Here is an example of how the file looks before I rename it, and how I want it to look after I rename it.

Before rename - COMPANY.DATA.J2016183.Y98173987 (the first 3 parts are constant aside from the date changing. Only the last delimited section after the dot is a random key that I don't need. The "J" is a constant as it just refers to julian. What I need to interrogate is the date after the "J").

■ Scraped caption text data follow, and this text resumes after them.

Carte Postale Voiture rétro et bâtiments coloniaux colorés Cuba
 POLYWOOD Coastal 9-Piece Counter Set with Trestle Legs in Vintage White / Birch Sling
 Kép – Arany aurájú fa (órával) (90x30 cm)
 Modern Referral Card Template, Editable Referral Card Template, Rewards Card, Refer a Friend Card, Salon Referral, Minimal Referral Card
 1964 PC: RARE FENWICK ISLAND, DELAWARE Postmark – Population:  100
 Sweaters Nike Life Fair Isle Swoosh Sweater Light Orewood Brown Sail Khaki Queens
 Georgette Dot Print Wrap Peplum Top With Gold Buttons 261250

Desired file name after renaming - DATA.2016-07-04.txt

$Today = (Get-Date).Date
$Day = $Today.AddDays(-2)
$newday = $Day.ToString("yyyy-MM-dd")
Get-ChildItem "\\fileserv\folder\COMPANY.DATA.*" -Recurse| 
Rename-Item -NewName {'DATA.' + $newday + '.txt' }

(the -2 just has to do with the file name/data difference. File name is 2 days ahead of actual data).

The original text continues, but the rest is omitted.